(Caption-style text data)
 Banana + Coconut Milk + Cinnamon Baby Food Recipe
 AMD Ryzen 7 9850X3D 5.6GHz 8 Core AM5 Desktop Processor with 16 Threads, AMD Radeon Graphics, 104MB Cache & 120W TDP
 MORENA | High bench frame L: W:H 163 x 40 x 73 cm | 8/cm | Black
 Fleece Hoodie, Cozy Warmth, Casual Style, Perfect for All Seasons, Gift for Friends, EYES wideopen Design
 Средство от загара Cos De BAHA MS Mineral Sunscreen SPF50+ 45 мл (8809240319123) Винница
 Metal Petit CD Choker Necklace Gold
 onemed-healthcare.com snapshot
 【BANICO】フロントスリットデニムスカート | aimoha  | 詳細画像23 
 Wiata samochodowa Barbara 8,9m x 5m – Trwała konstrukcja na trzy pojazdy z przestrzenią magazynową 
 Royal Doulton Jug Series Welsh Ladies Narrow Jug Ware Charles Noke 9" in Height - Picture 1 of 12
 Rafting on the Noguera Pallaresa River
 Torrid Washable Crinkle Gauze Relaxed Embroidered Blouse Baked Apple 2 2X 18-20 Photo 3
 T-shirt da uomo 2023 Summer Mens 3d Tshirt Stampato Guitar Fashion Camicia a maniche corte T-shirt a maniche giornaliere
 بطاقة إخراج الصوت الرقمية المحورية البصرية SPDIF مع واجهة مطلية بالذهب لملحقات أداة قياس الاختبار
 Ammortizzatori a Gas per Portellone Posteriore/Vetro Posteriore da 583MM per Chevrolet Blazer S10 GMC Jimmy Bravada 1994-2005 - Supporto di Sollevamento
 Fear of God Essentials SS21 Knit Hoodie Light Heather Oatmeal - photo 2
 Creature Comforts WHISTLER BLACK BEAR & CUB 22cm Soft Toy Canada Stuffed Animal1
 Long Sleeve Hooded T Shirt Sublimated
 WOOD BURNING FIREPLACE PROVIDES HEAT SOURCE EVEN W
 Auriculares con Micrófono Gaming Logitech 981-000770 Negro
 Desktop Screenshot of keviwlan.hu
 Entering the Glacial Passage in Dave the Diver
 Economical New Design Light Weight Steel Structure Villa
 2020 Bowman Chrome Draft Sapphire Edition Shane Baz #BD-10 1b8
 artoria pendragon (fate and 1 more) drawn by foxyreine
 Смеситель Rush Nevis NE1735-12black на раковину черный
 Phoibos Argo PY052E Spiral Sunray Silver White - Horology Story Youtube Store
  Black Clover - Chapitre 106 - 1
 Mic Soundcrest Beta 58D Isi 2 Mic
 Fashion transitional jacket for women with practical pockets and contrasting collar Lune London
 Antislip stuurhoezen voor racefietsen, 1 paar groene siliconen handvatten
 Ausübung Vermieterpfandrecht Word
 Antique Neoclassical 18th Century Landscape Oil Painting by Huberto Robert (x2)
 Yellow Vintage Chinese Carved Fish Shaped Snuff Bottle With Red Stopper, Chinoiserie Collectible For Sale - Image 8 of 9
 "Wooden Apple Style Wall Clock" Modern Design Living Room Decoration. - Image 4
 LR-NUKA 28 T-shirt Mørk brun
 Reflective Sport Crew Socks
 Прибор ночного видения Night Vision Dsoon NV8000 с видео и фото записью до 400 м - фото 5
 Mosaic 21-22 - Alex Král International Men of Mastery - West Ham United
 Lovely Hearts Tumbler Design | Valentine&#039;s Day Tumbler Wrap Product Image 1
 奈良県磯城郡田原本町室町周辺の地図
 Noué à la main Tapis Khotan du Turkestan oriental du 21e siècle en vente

**The task:** Among the entries above, find the line with "Desktop Screenshot of keviwlan.hu" and the line with "artoria pendragon (fate"; give again exactly these two lines and all lines between them.

**Solution:**
 Desktop Screenshot of keviwlan.hu
 Entering the Glacial Passage in Dave the Diver
 Economical New Design Light Weight Steel Structure Villa
 2020 Bowman Chrome Draft Sapphire Edition Shane Baz #BD-10 1b8
 artoria pendragon (fate and 1 more) drawn by foxyreine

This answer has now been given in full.